The misfit computer geeks of Monkeewrench Software are called in to reopen a missing person case that rapidly blossoms, as if in response to their involvement, into a case of serial homicide.
Veterinary tech Marla Gustafson was so kindhearted that she wept over a rabbit she’d run over. So when her car, abandoned near a large bloodstain on a road in her rural hometown of Buttonwillow, shows no signs of mechanical failure, her father, Walt, feels certain she stopped to offer someone help and never returned. In the two months since she vanished, Detective Leo Magozzi and his colleagues on Minneapolis Homicide keep expecting to find some clue that links her death to that of Megan Lynn, a jogger found last May in Powderhorn Park with an ace of spades tucked into her clothing.
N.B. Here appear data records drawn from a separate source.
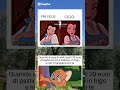 ciclo #amica #memes #humor #perte #funny #automobile #memeita #ironia #tiktok #neiperte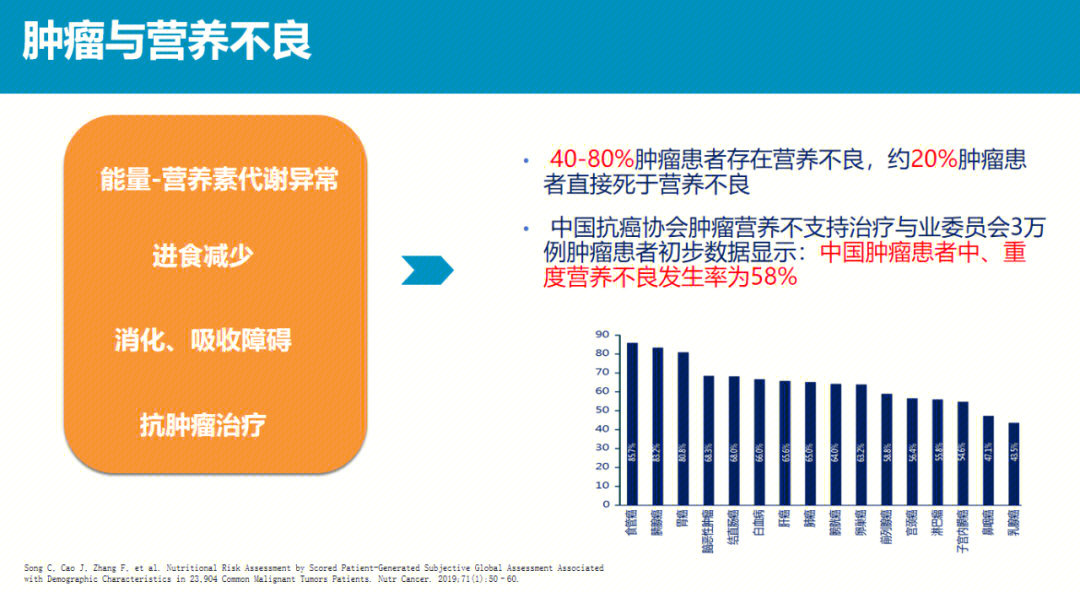 中国肿瘤营养指南最新版，重塑肿瘤患者营养管理的蓝图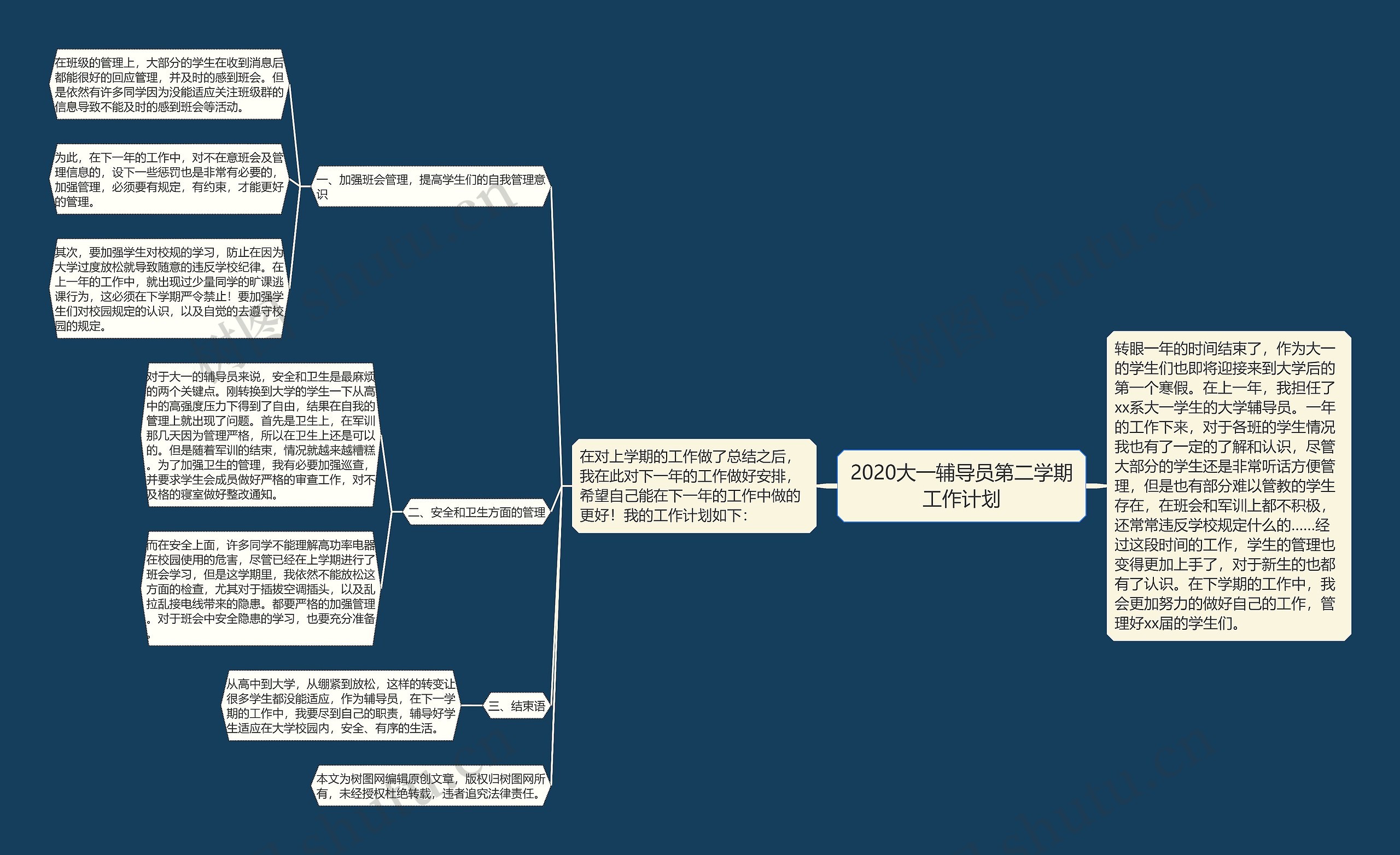 2020大一辅导员第二学期工作计划思维导图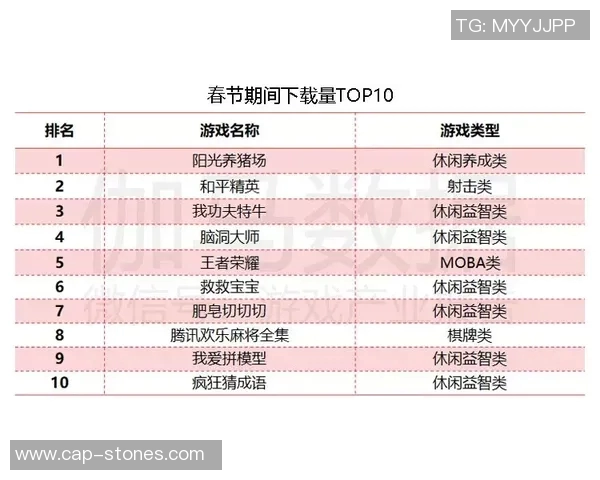 成都乒乓球队在选拔赛中以91分稳居积分榜首位展现强劲实力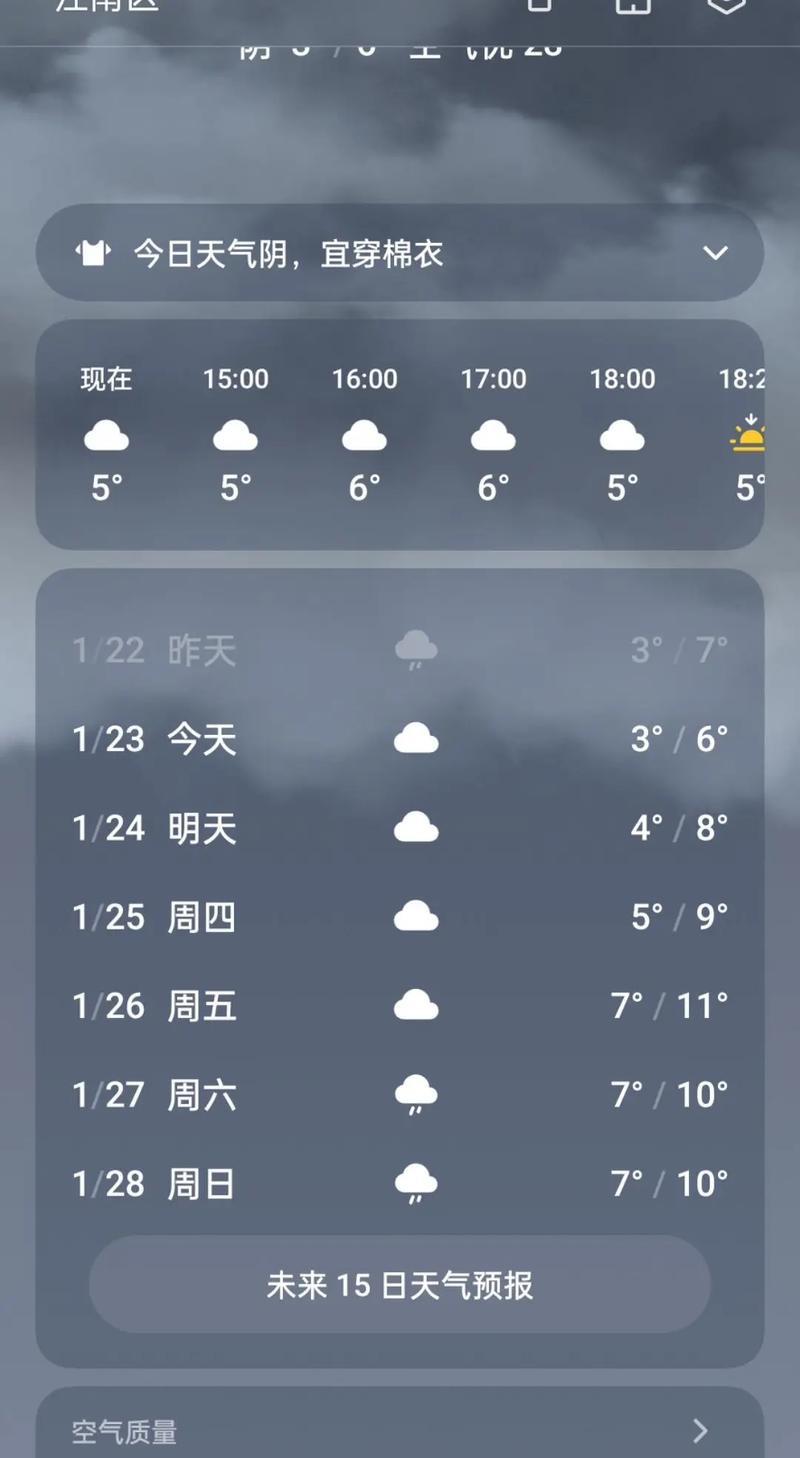 【广西南宁一周天气预报/南宁一周天气天气预报】-第4张图片 【广西南宁一周天气预报/南宁一周天气天气预报】-第4张图片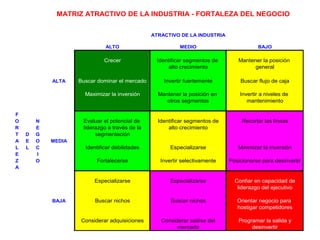 MATRIZ ATRACTIVO DE LA INDUSTRIA - FORTALEZA DEL NEGOCIO
ATRACTIVO DE LA INDUSTRIA
ALTO MEDIO BAJO
Crecer Identificar segmentos de Mantener la posición
alto crecimiento general
ALTA Buscar dominar el mercado Invertir fuertemente Buscar flujo de caja
Maximizar la inversión Mantener la posición en Invertir a niveles de
otros segmentos mantenimiento
F
O N Evaluar el potencial de Identificar segmentos de Recortar las líneas
R E liderazgo a través de la alto crecimiento
T D G segmentación
A E O MEDIA
L L C Identificar debilidades Especializarse Minimizar la inversión
E I
Z O Fortalecerse Invertir selectivamente Posicionarse para desinvertir
A
Especializarse Especializarse Confiar en capacidad de
liderazgo del ejecutivo
BAJA Buscar nichos Buscar nichos Orientar negocio para
hostigar competidores
Considerar adquisiciones Considerar salirse del Programar la salida y
mercado desinvertir
 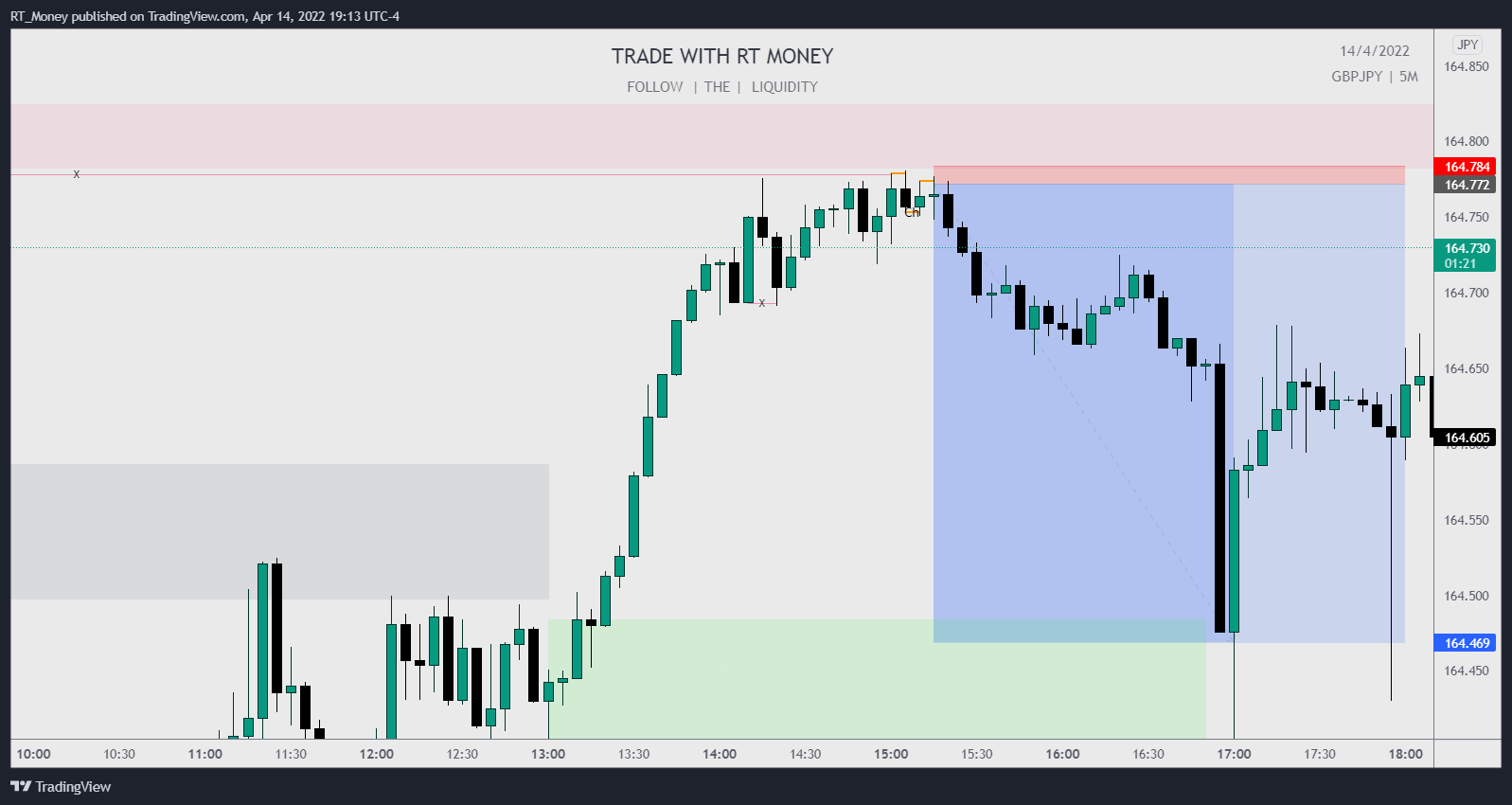 FOREXCOM:GBPJPY 圖表圖片 由 RT_Money 提供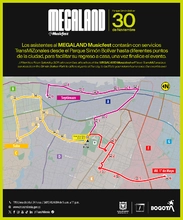 Mapa Megaland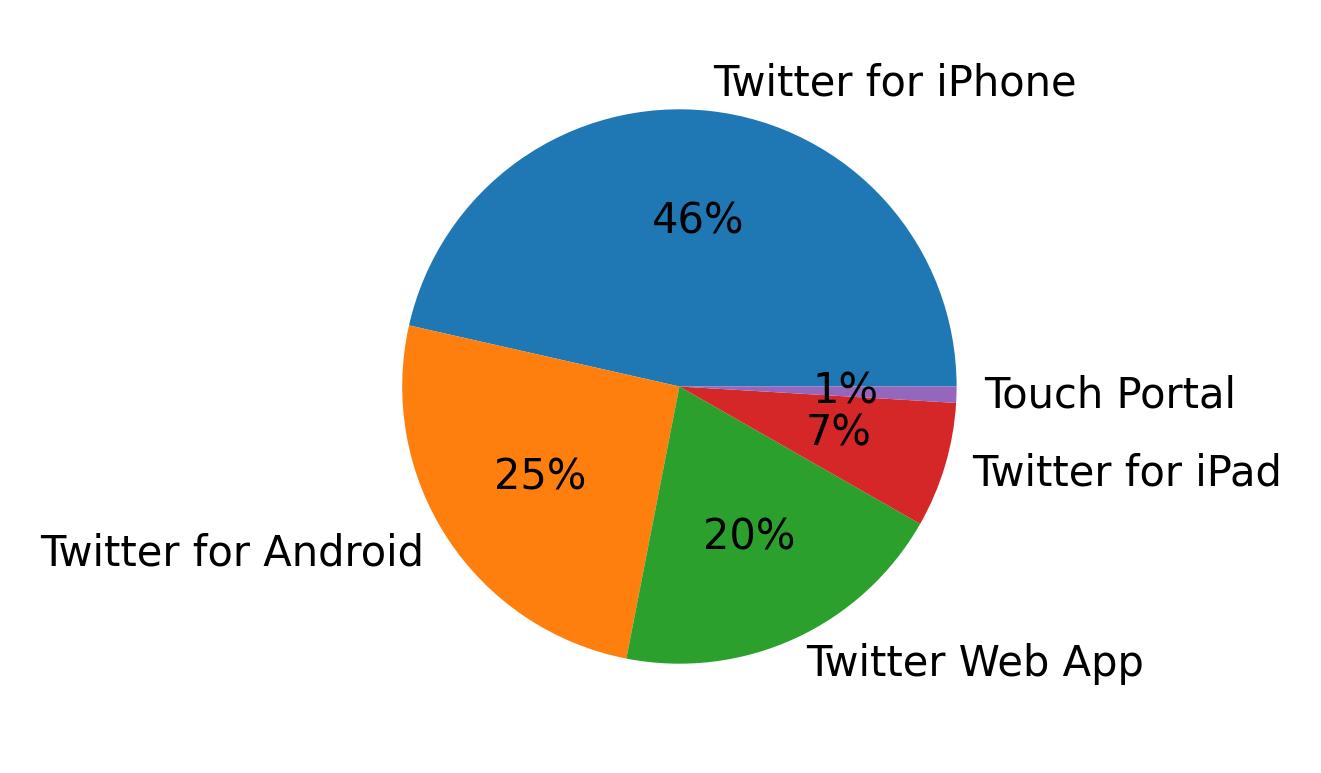Tweet icin kullanilan cihazlar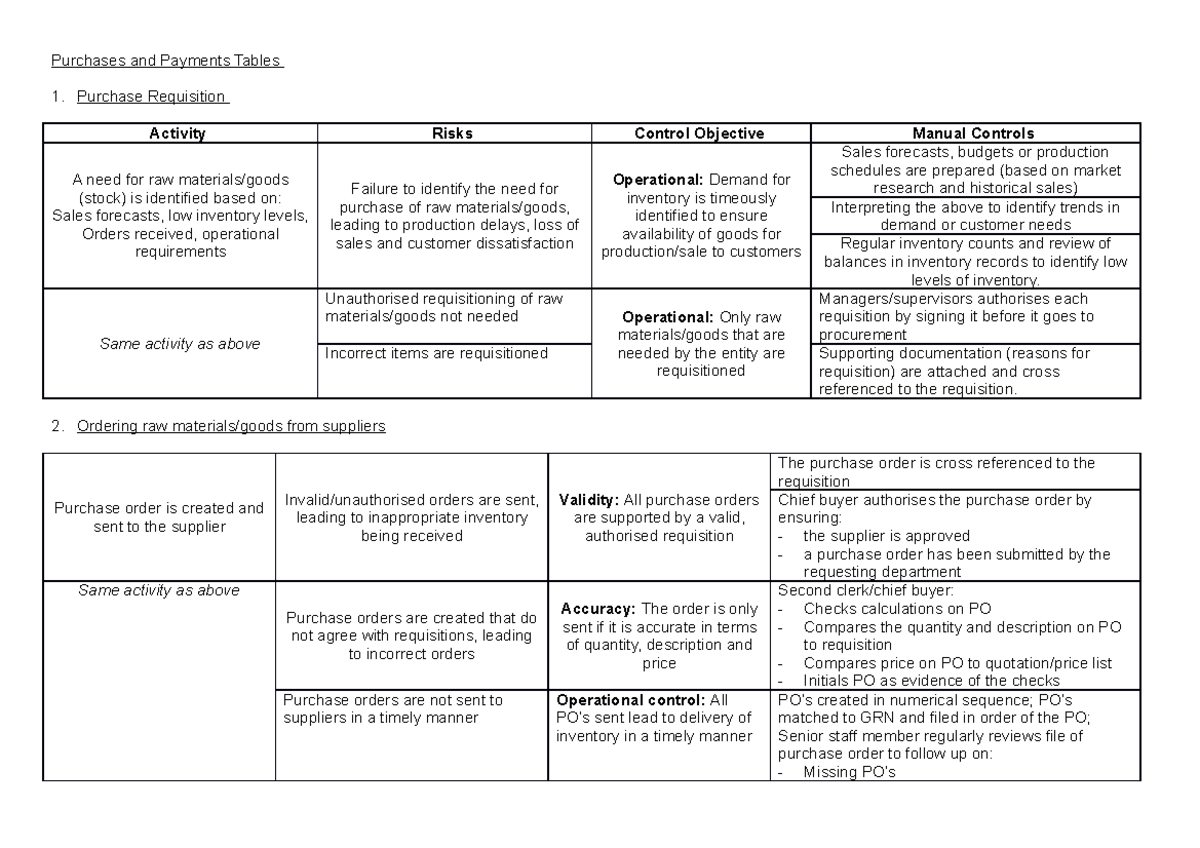 Pp Table Part 1 Summary Auditing 2b Purchases And Payments Tables Purchase Requisition 2157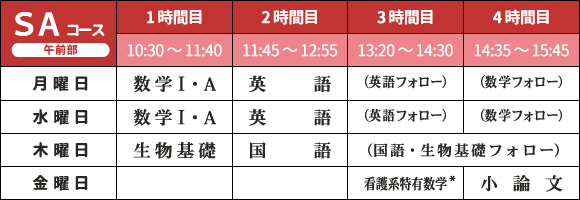 難関校受験SAコースの時間割 難関校受験SAコースの時間割
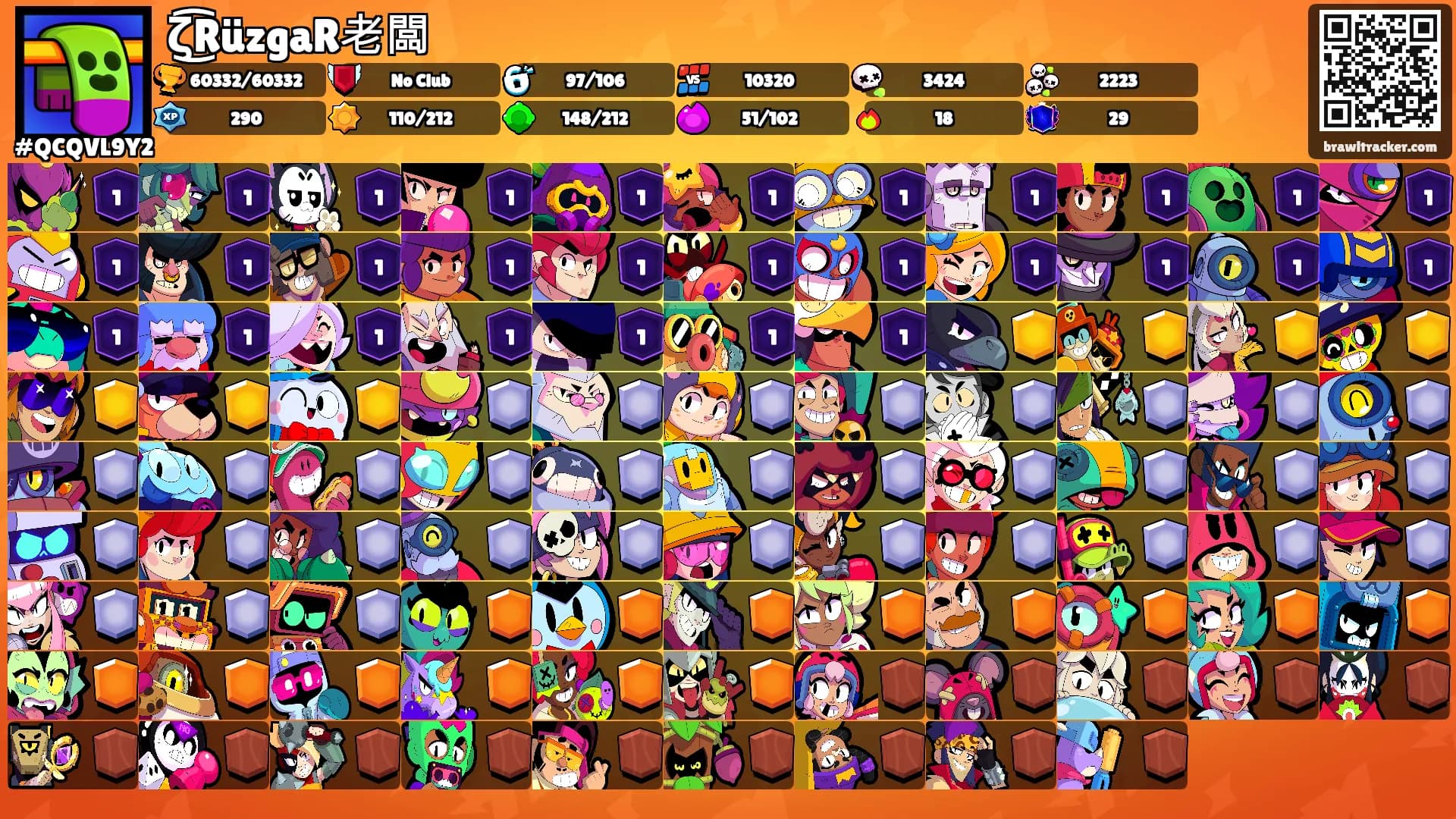 ζ͜͡RüzgaR老闆's Ranks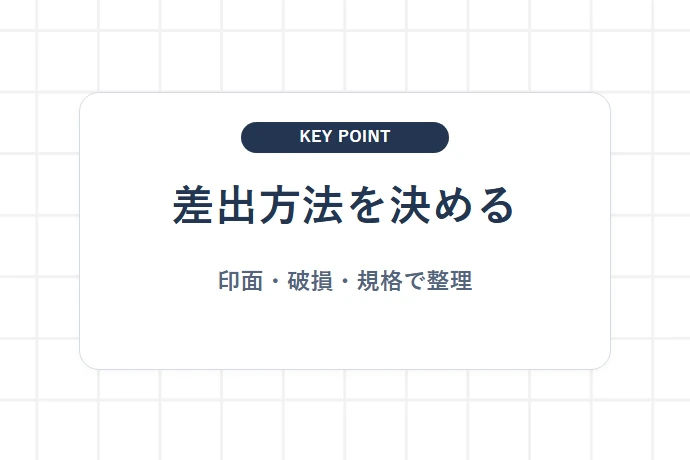 まとめ｜料額印面と封筒状態を見て差出方法を決める「差出方法を決める、印面・破損・規格で整理」を解説した図解
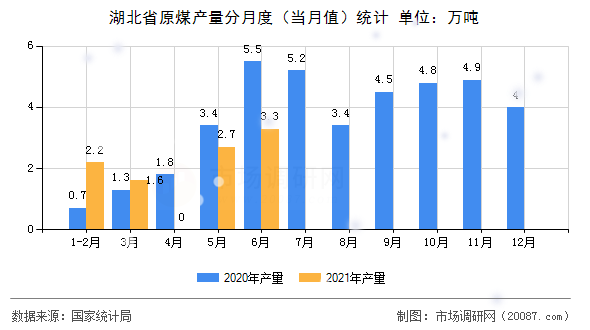 湖北省原煤产量分月度（当月值）统计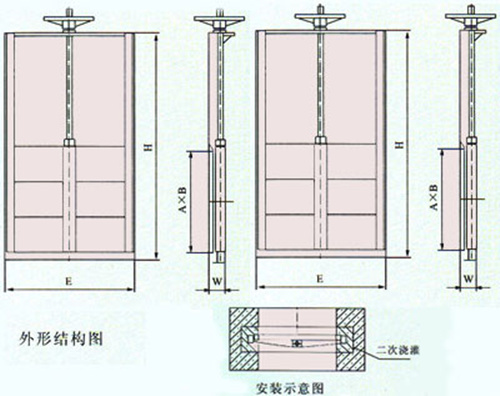 机闸一体式钢制闸门(图3)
But that clue has never materialized because Marla’s body has stubbornly refused to appear. So Walt and Magozzi join in asking Harley Davidson and the rest of the Monkeewrench crew to lend a hand. As Annie Belinsky and Roadrunner duly note, the quartet wouldn’t usually think of taking on a case like this, but their fourth member, Grace MacBride, happens to be carrying Magozzi’s child, and it’s hard to say no to him. Nodding gamely to each other, the gang fires up their state-of-the-art mobile computer lab and gets to work. Their quarry, meantime, seems bent on breaking the speed record for serial murder. When the body of General Mills executive Charlotte Wells is discovered in another local park along with a four of spades, investigators have to wonder what happened to spades two and three—especially after two more corpses turn up marked with the five and six of spades.
Despite all the high tech and ballyhoo, the mother-and-daughter team writing as Tracy give their once formidable foursome (The Sixth Idea, 2016) practically nothing to do in the way of either detective work or antic byplay and provide virtually no surprises along the way. Sad.